Word for word, set down every line of the entries below from the line with "Een schilderij van" to the line with "Gold plated kundan pink stones maang tikka", including both, and no other line.

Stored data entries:
--- START ---

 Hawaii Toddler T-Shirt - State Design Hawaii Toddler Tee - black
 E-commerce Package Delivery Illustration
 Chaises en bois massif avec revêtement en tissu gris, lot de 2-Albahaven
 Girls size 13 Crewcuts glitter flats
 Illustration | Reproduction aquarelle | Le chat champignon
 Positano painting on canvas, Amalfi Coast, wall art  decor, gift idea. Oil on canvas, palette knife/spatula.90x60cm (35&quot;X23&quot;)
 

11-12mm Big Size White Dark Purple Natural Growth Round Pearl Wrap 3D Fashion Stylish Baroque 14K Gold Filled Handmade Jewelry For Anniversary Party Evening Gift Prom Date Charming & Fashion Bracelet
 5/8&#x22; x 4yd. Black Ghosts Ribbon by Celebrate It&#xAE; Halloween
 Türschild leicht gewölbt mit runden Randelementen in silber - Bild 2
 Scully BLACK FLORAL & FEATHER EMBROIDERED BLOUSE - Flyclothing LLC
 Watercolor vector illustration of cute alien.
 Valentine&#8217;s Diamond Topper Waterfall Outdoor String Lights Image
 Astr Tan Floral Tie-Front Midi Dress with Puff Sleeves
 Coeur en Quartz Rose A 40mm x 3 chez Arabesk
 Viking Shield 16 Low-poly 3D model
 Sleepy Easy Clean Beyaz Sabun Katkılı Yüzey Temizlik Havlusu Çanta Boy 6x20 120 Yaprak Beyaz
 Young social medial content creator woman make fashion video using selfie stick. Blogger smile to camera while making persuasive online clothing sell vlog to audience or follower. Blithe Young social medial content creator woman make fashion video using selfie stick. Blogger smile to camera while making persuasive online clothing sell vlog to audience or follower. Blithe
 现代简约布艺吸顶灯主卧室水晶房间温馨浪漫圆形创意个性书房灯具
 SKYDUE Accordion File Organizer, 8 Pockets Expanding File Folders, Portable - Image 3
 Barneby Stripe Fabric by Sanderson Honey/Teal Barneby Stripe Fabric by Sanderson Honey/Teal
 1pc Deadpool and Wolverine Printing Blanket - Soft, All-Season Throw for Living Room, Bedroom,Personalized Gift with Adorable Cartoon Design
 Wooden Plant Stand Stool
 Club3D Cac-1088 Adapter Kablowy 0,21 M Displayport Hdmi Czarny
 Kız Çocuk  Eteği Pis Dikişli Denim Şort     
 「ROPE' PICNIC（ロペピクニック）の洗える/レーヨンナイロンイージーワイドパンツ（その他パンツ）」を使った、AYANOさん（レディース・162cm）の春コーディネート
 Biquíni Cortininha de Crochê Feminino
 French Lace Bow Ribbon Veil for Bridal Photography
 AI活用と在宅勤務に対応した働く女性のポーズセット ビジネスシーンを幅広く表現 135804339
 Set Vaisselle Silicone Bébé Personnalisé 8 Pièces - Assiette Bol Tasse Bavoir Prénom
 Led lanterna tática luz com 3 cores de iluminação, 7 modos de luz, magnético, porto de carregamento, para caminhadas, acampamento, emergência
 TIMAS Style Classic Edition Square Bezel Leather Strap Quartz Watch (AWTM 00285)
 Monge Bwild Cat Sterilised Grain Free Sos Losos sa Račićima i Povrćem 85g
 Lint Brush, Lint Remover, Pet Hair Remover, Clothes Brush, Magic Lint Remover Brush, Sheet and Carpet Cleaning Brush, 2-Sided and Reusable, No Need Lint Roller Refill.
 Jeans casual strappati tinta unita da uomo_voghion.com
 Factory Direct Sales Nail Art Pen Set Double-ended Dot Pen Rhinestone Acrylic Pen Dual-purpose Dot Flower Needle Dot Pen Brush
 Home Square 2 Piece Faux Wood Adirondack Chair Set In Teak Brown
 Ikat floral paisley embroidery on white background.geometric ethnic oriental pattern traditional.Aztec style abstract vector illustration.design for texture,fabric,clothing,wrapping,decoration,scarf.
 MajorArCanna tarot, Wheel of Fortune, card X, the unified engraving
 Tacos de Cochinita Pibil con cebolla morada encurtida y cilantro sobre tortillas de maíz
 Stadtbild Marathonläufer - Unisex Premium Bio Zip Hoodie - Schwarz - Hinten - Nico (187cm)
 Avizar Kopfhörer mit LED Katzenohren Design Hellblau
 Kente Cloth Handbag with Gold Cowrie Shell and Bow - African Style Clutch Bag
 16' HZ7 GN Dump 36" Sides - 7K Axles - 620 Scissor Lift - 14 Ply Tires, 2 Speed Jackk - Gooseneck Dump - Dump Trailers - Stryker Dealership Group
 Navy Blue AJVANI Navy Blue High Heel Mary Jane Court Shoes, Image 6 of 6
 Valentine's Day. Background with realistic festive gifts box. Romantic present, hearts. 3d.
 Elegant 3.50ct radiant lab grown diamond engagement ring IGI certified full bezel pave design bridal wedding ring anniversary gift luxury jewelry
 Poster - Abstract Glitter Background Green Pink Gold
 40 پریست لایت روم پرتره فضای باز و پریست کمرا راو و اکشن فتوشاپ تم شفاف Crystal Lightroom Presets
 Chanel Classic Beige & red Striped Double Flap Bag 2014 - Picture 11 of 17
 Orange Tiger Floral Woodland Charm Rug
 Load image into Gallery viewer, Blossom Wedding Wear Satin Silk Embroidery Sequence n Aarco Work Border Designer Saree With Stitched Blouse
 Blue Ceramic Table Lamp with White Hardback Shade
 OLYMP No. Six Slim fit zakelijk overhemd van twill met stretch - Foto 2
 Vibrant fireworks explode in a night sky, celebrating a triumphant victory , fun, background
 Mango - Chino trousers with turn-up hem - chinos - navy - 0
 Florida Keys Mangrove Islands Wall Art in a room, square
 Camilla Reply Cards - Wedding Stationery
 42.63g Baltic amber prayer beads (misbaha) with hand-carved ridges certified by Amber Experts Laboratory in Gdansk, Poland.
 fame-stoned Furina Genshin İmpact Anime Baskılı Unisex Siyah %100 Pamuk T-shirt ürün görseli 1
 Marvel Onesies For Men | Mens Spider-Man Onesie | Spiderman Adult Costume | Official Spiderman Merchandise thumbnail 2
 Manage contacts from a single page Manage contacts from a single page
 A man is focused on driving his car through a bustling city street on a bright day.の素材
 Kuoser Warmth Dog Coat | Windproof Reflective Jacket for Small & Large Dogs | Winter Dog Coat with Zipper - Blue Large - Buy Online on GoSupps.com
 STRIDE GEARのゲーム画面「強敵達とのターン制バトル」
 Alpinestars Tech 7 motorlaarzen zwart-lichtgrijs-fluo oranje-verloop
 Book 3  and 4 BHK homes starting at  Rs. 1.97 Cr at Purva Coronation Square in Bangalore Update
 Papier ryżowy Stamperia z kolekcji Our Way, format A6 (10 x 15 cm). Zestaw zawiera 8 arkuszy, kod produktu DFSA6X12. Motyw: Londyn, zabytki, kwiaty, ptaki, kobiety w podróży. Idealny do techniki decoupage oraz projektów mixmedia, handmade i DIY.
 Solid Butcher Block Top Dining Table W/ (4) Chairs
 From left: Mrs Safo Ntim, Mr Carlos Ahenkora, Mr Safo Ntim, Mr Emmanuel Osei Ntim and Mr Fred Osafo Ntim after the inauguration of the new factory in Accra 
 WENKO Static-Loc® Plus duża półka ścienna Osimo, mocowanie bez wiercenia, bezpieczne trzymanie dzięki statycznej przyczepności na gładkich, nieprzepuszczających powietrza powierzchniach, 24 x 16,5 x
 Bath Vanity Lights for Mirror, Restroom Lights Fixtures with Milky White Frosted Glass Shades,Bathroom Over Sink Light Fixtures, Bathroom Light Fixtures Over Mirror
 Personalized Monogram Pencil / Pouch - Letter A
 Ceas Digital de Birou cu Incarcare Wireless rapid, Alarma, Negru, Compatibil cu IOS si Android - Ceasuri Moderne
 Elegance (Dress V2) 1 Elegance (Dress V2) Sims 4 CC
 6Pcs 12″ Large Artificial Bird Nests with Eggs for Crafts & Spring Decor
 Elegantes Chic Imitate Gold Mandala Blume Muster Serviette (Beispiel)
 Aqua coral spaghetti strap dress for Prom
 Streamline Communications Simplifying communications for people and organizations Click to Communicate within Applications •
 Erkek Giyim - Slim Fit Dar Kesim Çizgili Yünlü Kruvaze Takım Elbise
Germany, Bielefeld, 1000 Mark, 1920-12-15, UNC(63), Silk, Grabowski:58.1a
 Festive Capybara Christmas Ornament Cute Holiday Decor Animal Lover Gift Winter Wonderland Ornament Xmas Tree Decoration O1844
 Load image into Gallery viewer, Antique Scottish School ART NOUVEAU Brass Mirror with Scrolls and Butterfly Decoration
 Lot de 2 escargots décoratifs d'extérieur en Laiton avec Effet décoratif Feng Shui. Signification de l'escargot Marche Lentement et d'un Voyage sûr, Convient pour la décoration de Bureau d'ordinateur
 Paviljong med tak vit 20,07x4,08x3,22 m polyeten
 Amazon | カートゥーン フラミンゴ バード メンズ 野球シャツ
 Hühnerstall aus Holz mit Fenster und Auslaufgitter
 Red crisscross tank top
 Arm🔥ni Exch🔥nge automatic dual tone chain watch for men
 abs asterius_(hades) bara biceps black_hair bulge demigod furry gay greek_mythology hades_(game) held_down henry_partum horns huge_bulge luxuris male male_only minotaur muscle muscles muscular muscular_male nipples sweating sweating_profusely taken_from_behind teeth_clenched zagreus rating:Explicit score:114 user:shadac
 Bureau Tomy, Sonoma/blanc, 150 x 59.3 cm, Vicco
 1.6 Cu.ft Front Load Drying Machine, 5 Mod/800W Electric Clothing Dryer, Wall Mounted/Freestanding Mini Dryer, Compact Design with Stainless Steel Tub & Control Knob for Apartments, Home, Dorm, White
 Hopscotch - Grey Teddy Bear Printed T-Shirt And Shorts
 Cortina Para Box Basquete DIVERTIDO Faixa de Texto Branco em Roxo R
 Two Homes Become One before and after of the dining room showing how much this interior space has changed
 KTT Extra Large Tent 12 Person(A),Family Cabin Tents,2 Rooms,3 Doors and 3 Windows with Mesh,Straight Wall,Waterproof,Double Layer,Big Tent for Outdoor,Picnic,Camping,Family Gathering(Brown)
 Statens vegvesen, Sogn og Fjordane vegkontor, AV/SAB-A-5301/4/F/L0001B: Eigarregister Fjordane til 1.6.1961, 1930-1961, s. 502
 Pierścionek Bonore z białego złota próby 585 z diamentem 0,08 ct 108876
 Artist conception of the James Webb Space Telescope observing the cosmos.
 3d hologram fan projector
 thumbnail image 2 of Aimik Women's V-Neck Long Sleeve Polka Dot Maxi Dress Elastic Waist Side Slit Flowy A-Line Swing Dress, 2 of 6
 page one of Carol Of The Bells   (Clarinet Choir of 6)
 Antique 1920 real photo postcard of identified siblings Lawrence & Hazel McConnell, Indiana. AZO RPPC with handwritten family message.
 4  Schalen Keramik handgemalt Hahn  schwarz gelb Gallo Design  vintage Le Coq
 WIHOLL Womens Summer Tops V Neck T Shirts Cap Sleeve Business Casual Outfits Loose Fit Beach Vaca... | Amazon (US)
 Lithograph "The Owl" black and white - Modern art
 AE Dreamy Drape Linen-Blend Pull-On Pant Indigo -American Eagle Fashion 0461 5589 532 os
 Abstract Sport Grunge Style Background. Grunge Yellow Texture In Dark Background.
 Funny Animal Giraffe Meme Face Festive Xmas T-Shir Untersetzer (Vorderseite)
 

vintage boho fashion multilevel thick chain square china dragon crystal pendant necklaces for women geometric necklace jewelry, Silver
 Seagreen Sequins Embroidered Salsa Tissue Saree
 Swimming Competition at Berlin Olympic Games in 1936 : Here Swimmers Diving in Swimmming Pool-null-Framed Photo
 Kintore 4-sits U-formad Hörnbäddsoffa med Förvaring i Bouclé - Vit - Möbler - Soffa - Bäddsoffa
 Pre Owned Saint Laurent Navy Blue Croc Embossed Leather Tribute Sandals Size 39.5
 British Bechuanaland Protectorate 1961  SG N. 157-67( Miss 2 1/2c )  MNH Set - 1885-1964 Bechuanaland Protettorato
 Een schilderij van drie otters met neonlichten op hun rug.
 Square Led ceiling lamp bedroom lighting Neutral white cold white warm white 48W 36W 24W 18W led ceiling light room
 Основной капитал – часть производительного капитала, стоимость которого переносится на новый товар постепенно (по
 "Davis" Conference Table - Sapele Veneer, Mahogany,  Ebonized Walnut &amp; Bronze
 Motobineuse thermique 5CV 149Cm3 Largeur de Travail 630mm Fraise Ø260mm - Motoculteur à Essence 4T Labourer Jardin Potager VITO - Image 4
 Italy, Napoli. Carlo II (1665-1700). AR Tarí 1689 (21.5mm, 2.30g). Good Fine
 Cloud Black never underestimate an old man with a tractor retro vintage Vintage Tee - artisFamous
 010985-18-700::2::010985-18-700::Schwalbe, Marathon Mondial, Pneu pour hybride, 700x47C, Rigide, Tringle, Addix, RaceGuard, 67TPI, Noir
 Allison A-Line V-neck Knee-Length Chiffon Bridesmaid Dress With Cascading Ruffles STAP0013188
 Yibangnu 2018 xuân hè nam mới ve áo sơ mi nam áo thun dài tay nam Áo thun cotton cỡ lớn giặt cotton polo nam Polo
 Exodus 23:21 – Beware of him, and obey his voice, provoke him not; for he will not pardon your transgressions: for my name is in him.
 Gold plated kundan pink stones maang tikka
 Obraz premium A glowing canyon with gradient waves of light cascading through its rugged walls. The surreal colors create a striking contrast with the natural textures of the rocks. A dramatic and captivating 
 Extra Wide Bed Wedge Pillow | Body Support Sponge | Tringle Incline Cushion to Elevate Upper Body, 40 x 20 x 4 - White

--- END ---

**Written response:**
 Een schilderij van drie otters met neonlichten op hun rug.
 Square Led ceiling lamp bedroom lighting Neutral white cold white warm white 48W 36W 24W 18W led ceiling light room
 Основной капитал – часть производительного капитала, стоимость которого переносится на новый товар постепенно (по
 "Davis" Conference Table - Sapele Veneer, Mahogany,  Ebonized Walnut &amp; Bronze
 Motobineuse thermique 5CV 149Cm3 Largeur de Travail 630mm Fraise Ø260mm - Motoculteur à Essence 4T Labourer Jardin Potager VITO - Image 4
 Italy, Napoli. Carlo II (1665-1700). AR Tarí 1689 (21.5mm, 2.30g). Good Fine
 Cloud Black never underestimate an old man with a tractor retro vintage Vintage Tee - artisFamous
 010985-18-700::2::010985-18-700::Schwalbe, Marathon Mondial, Pneu pour hybride, 700x47C, Rigide, Tringle, Addix, RaceGuard, 67TPI, Noir
 Allison A-Line V-neck Knee-Length Chiffon Bridesmaid Dress With Cascading Ruffles STAP0013188
 Yibangnu 2018 xuân hè nam mới ve áo sơ mi nam áo thun dài tay nam Áo thun cotton cỡ lớn giặt cotton polo nam Polo
 Exodus 23:21 – Beware of him, and obey his voice, provoke him not; for he will not pardon your transgressions: for my name is in him.
 Gold plated kundan pink stones maang tikka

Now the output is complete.